DATA PROVIDED —
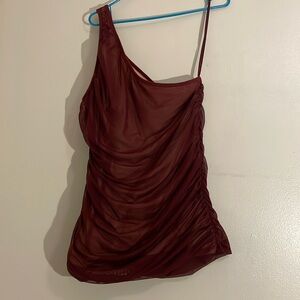 Torrid Size 1 One Shoulder Top.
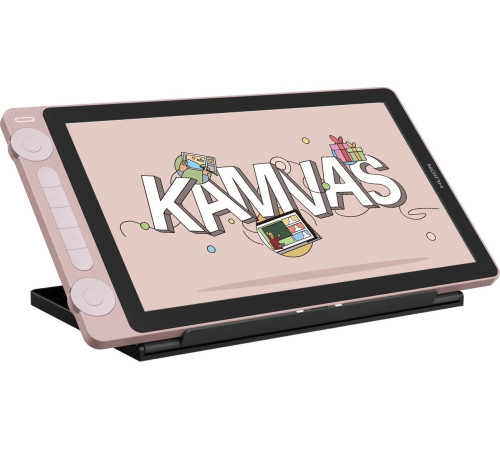Графический монитор Huion Kamvas 13 Gen 3 розовый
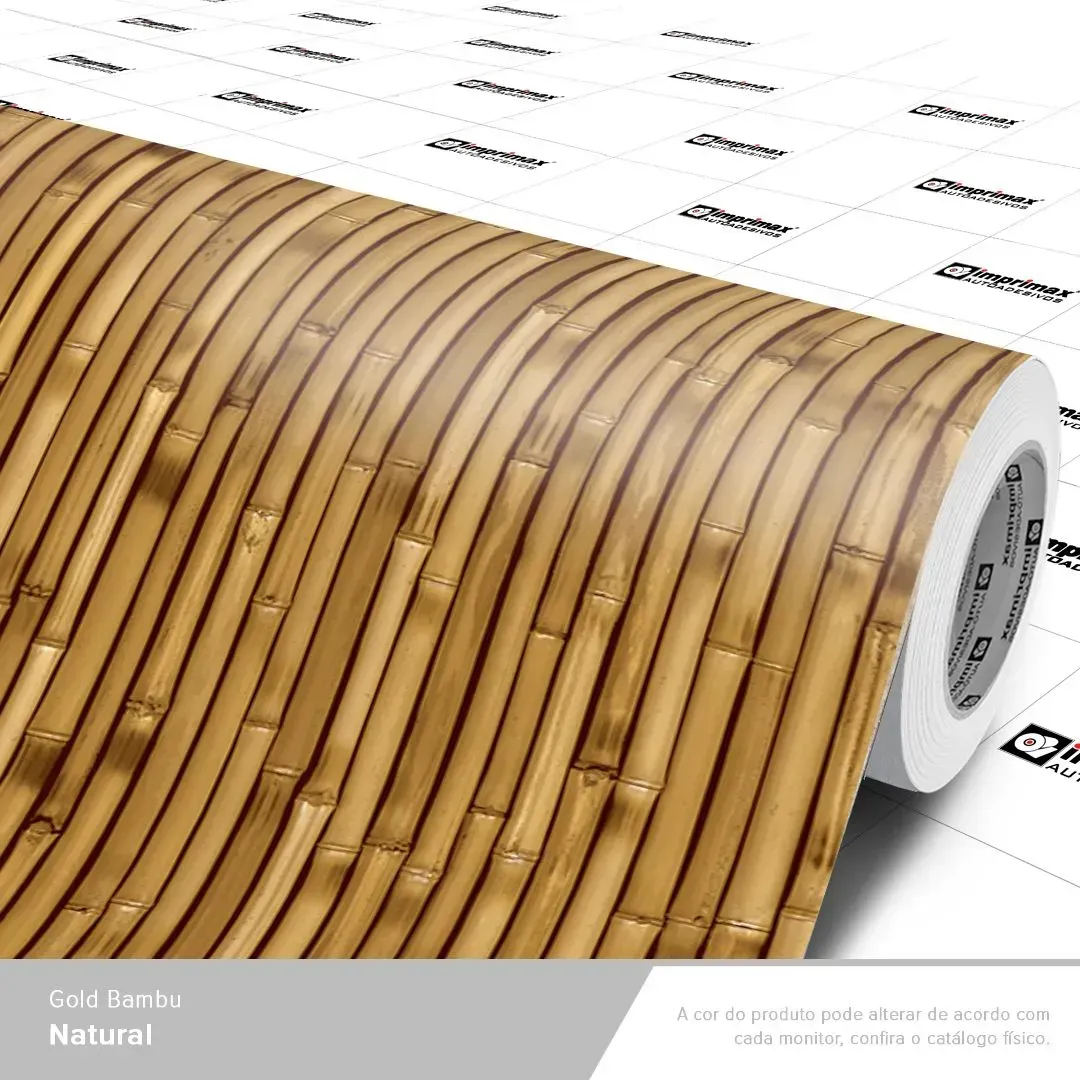 VINIL GOLD BAMBU NATURAL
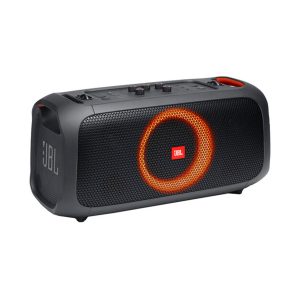 JBL PartyBox On-The-Go - A Portable Karaoke Party Speaker with Wireless Microphone (Black)
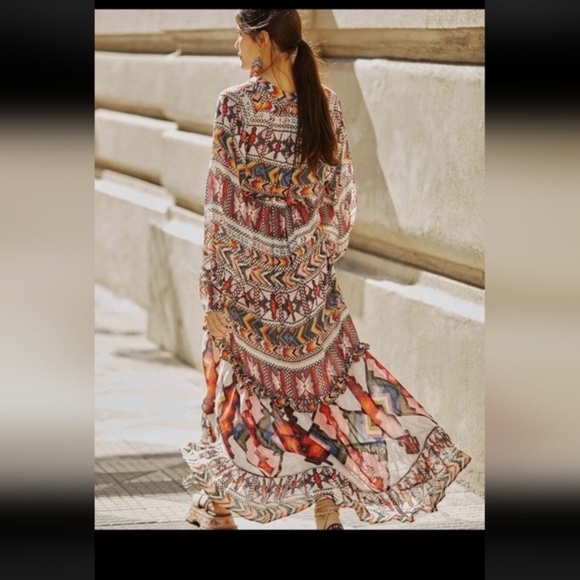 FARM Rio AMULET MAXI DRESS - Picture 3 of 4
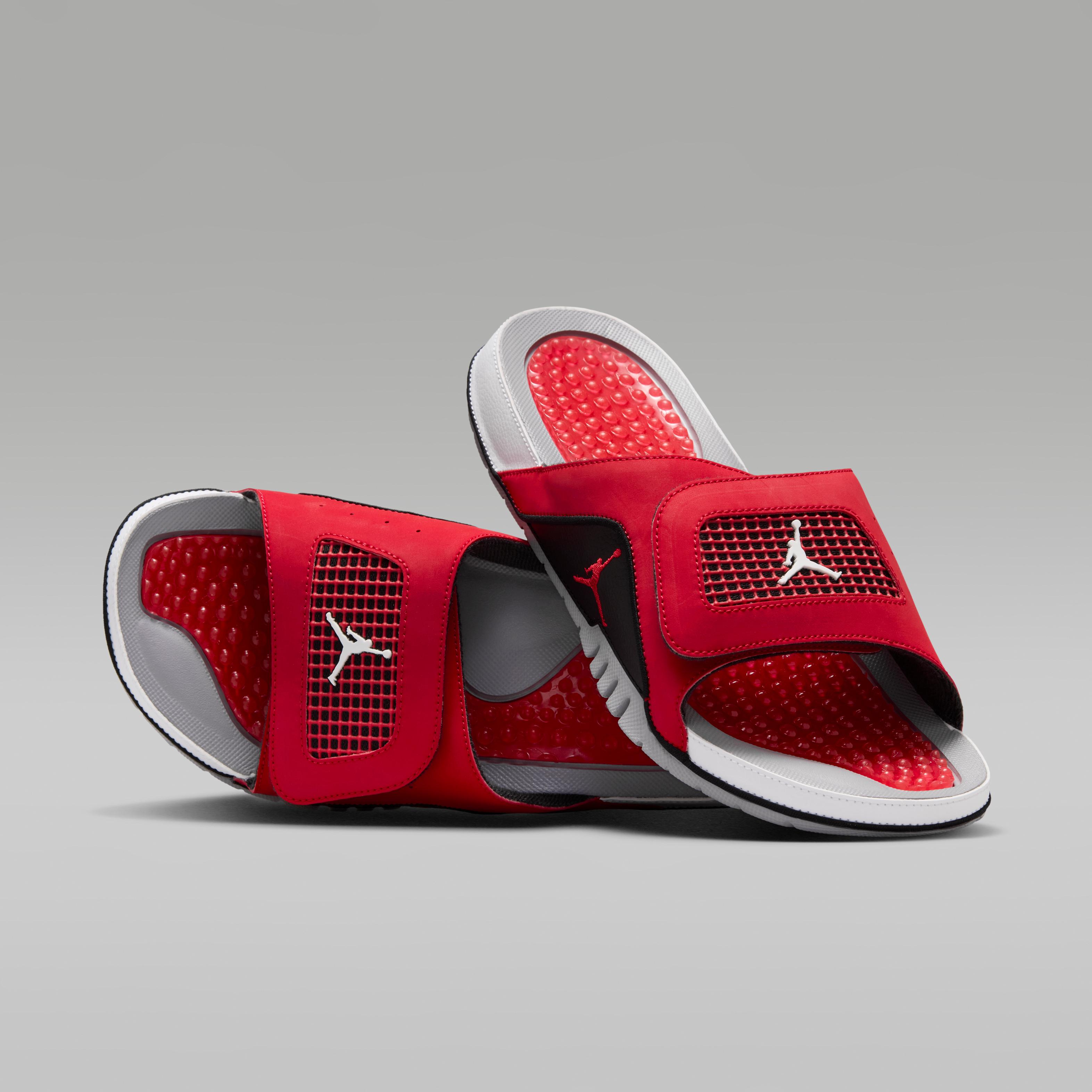Air Jordan Hydro 4 Retro  Fire Red Black White  41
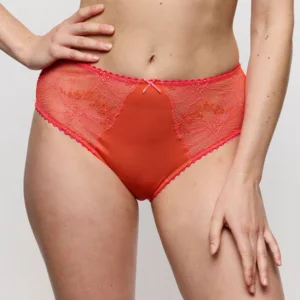 Marie jo Taille slip: Solene, Pamplemousse, Hoog model ( MJO.382 )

WORK TASK — Everything from the line containing "Графический монитор Huion" to the last line of the listing above is to be written out exactly, except the pictures, and nothing else.

RESULT —
Графический монитор Huion Kamvas 13 Gen 3 розовый
 VINIL GOLD BAMBU NATURAL
 JBL PartyBox On-The-Go - A Portable Karaoke Party Speaker with Wireless Microphone (Black)
 FARM Rio AMULET MAXI DRESS - Picture 3 of 4
Air Jordan Hydro 4 Retro  Fire Red Black White  41
 Marie jo Taille slip: Solene, Pamplemousse, Hoog model ( MJO.382 )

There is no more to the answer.